## [TASK INSTRUCTIONS]
With nothing added and nothing dropped, copy the entire listing.

RECORDED DATA Block Start

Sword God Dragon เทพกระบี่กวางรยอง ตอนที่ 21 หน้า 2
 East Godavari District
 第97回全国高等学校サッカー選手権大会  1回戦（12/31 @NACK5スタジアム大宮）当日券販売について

RECORDED DATA Block End

## [TASK ANSWER]
Sword God Dragon เทพกระบี่กวางรยอง ตอนที่ 21 หน้า 2
 East Godavari District
 第97回全国高等学校サッカー選手権大会  1回戦（12/31 @NACK5スタジアム大宮）当日券販売について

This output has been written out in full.